Null hypothesis significance tests: A mix-up of two different theories, the basis for widespread confusion and numerous misinterpretations

Null hypothesis statistical significance tests (NHST) are widely used in quantitative research in the empirical sciences including scientometrics. Nevertheless, since their introduction nearly a century ago significance tests have been controversial. Many researchers are not aware of the numerous criticisms raised against NHST. As practiced, NHST has been characterized as a null ritual that is overused and too often misapplied and misinterpreted. NHST is in fact a patchwork of two fundamentally different classical statistical testing models, often blended with some wishful quasi-Bayesian interpretations. This is undoubtedly a major reason why NHST is very often misunderstood. But NHST also has intrinsic logical problems and the epistemic range of the information provided by such tests is much more limited than most researchers recognize. In this article we introduce to the scientometric community the theoretical origins of NHST, which is mostly absent from standard statistical textbooks, and we discuss some of the most prevalent problems relating to the practice of NHST and trace these problems back to the mixup of the two different theoretical origins. Finally, we illustrate some of the misunderstandings with examples from the scientometric literature and bring forward some modest recommendations for a more sound practice in quantitative data analysis.

💡 Research Summary

The paper provides a comprehensive critique of Null Hypothesis Significance Testing (NHST) as it is currently practiced, especially within the field of scientometrics. It begins by tracing the historical origins of NHST to two distinct statistical traditions: Ronald Fisher’s “significance testing” and the Neyman‑Pearson “hypothesis testing” framework. Fisher introduced the p‑value as a measure of how unlikely the observed data would be if the null hypothesis were true, treating it as an evidential index rather than a decision rule. In contrast, Neyman and Pearson formalized a decision‑theoretic procedure that requires pre‑specifying both a null and an alternative hypothesis, setting Type I (α) and Type II (β) error rates, and using a critical region to either reject or retain the null.

The authors argue that modern NHST is a confused amalgam of these two models, often blended with ad‑hoc Bayesian interpretations. This mixture generates several pervasive misunderstandings: (1) treating the p‑value as the probability that the null hypothesis is true (or that the alternative is true), (2) using the conventional 0.05 threshold as a universal marker of “significance” regardless of context, and (3) ignoring effect sizes and statistical power, thereby equating statistical significance with substantive importance.

To illustrate the consequences of these misinterpretations, the paper surveys a range of recent scientometric studies—comparisons of citation counts across countries, analyses of co‑authorship network centrality, pre‑post policy impact assessments, etc. In many cases, authors report only p‑values and declare results “significant” or “non‑significant” without discussing the magnitude of the effect, confidence intervals, or the adequacy of sample size. The authors show that such practices can lead to false conclusions: with large samples, trivial differences become statistically significant; with small samples, meaningful differences may be missed. Moreover, p‑values are highly sensitive to underlying assumptions (normality, independence, homoscedasticity), so violations can distort the evidential value of the test.

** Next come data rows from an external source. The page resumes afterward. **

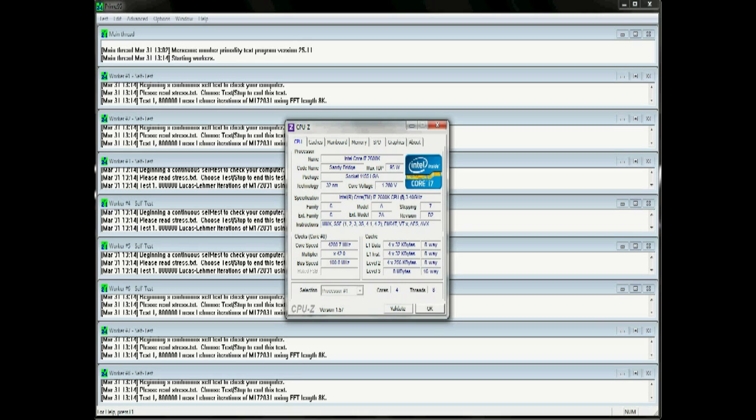Speaking of stress tests, after you do this overclock, make sure to download Prime95 or some other application, and at least run it overnight to make sure it's stable.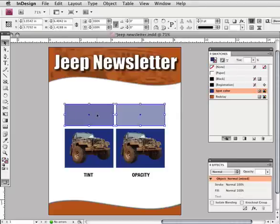One thing to note is the color value difference between the two, even though both rectangles are set to 50%. This shows how tint and opacity are not interchangeable.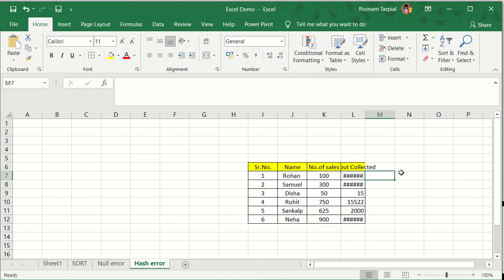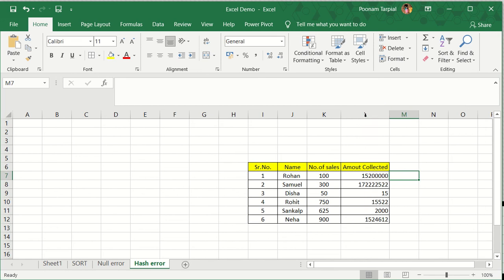Now a quick remedy for that is you need to adjust the width of the cell, which normally can be done by adjusting the column width. You will be taking your cursor right there on the top of the column and then you have to double-click. The moment you double-click, automatically this particular error is going to be fixed up.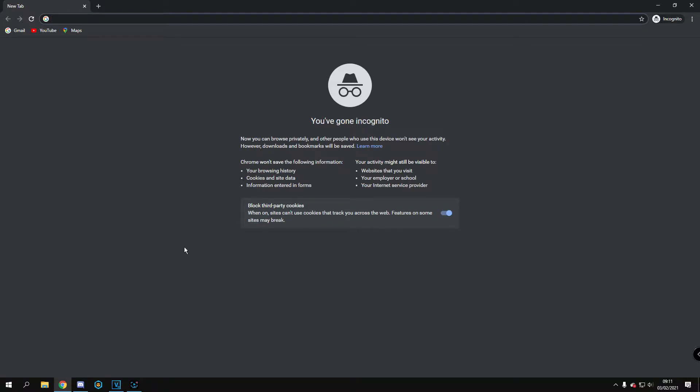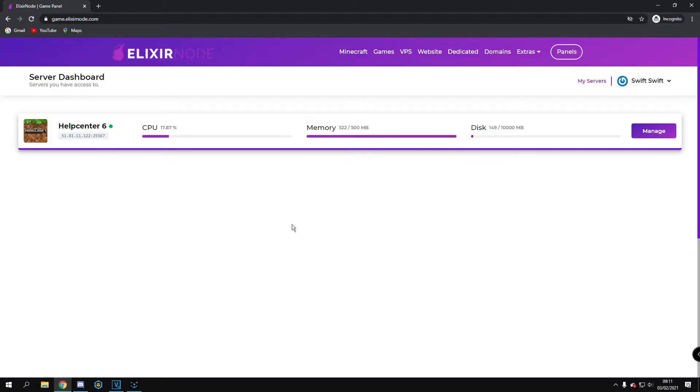First, go to game.elixirnode.com. If you've successfully logged in, click manage on your Minecraft server.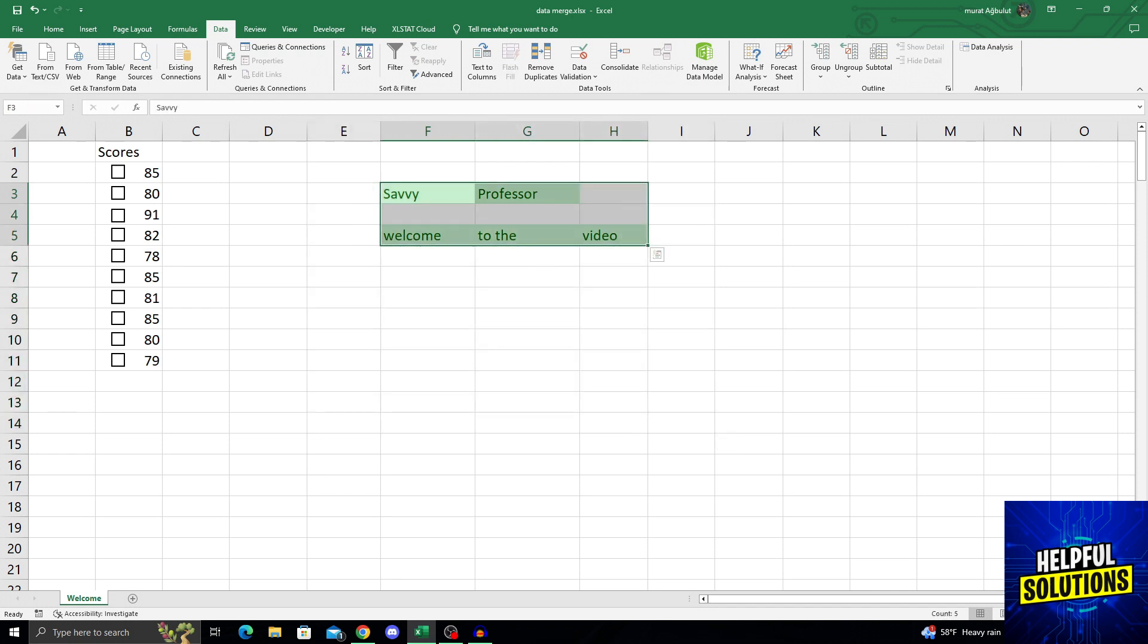And this is exactly how you delete the duplicates in Excel super easily. I hope this video helped you guys. And if it did, don't forget to give us a like and maybe subscribe to our channel SavvyProfessor. In any other case, we hope to see you in the next video as well. Have a great day and goodbye.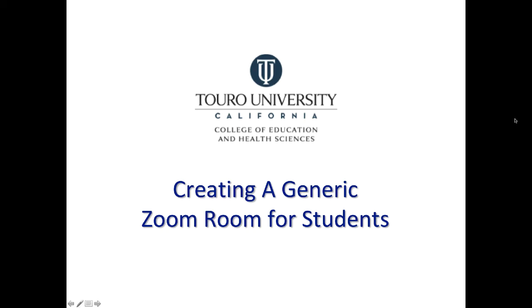This video will go over the steps that you need to take to create a generic Zoom room for students so that they will be able to interact without the limitations of a basic Zoom account, namely the limitation of 40 minute meetings.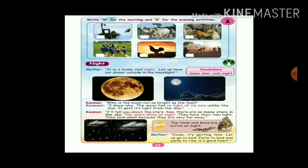Next, page 93. Write M for morning and E for evening activities. M for morning time, E for evening time. That is for your homework.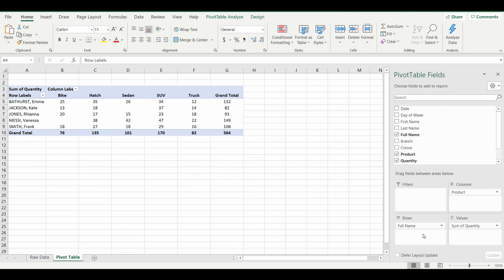For example, we have some salespeople on the left which we have dragged in as the full name into the rows, we've got the type of vehicle that they're selling across the top, and the number of vehicles they've sold within the body of the pivot table. There are a couple of examples where they haven't sold any of those particular vehicles — for example, Kate Jackson has sold no sedans — and it comes up with a blank, and we'd rather see a zero or some sort of text in there.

Beyond the empirical examples, the paper outlines the logical limits of NHST. A p‑value merely quantifies the compatibility of the data with the null hypothesis; it does not provide direct evidence for the alternative hypothesis, nor does it measure the probability that a hypothesis is true. Consequently, NHST offers a narrow epistemic window that many researchers over‑interpret.

In the final section, the authors propose a set of practical recommendations to move toward more robust quantitative analysis. They advocate for: (a) conducting a priori power analyses to ensure adequate sample sizes; (b) reporting effect sizes and confidence intervals alongside p‑values, thereby emphasizing substantive significance; (c) considering Bayesian methods, information‑theoretic criteria (AIC, BIC), or model‑averaging approaches as alternatives or complements to NHST; (d) treating p‑values as graded evidence rather than binary decision thresholds; and (e) enhancing transparency through data visualisation, exploratory analyses, and clear articulation of the research hypotheses.

The conclusion stresses that while NHST need not be discarded entirely, its limitations must be acknowledged and mitigated. For scientometric researchers in particular, reducing reliance on p‑value rituals and embracing richer statistical reporting will improve the credibility, reproducibility, and interpretability of their findings.